Para além de índices, Veiga e Moraes Filho sentem o impacto do próprio trabalho em suas trajetórias pessoais. Com frequência, o ambiente de suporte e tolerância que ajudaram a disseminar serve também para apoiá-los em momentos delicados de suas vidas.
 
"Meu pai estava muito doente, na fase terminal. Eu estava em sala, tremendo. Até que um aluno veio me perguntar: você tá beleza? Eu falei que estava. Eles me forçaram a formar uma roda e conversar, fizeram uma mediação comigo. Chorei bastante", lembra Moraes Filho.
 
"As pessoas costumam dizer que eu sou paizão. Eu não consigo entender que dê punição a aluno. Por quê? Eu fui um aluno complicado. E eu tive uma professora que acreditou em mim, e hoje estou aqui. Assim como ela acreditou em mim, eu acredito em todos eles. Para mim não existe aluno perdido. Já perdi alunos? Já. Por overdose? Já. Mas eu luto pelo meu aluno", conta o mediador.
 
A punição, segundo Veiga, não está nem em sua linha de trabalho, nem em seu dever.
 
"A punição nunca deve estar nas mãos do mediador. Não apoiamos a punição.
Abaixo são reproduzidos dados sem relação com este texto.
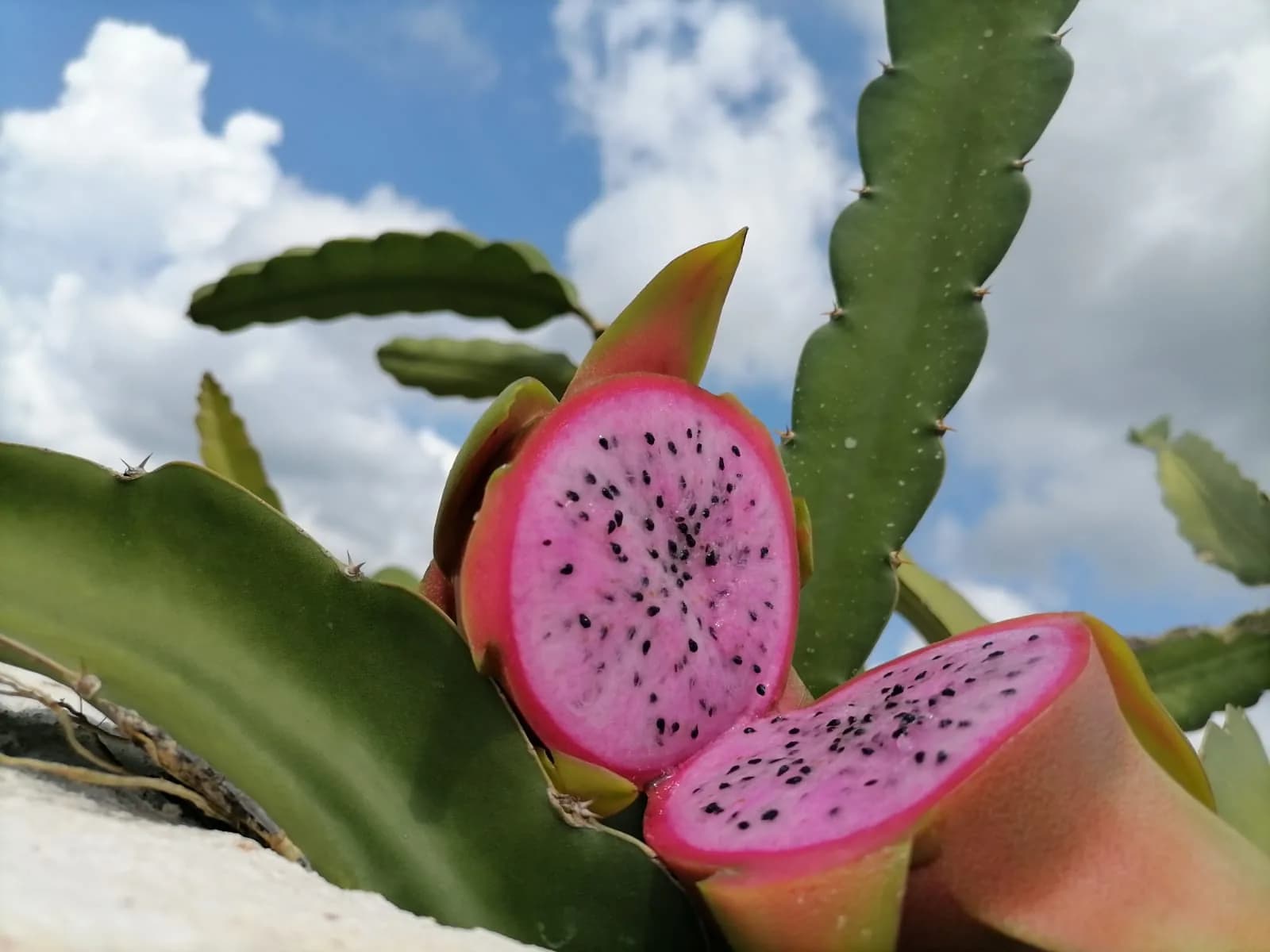 Pitahaya Valley posiciona a Yucatán en el mercado internacional de la fruta del dragón, foto 8 de 8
O aluno tem que se ouvido, tem que ter o espaço dele, se sentir parte da escola. Não desautorizamos o diretor, mas eu faço meu trabalho: converso, falo para entendermos o que aconteceu. Quando eu falo para ouvirmos a situação do aluno, eu já peneiro e falo: olha, não foi tudo isso. Porque cada um que se vê dentro do conflito olha apenas para o seu lado, e eu ensino a olhar para os dois lados", conclui a mediadora.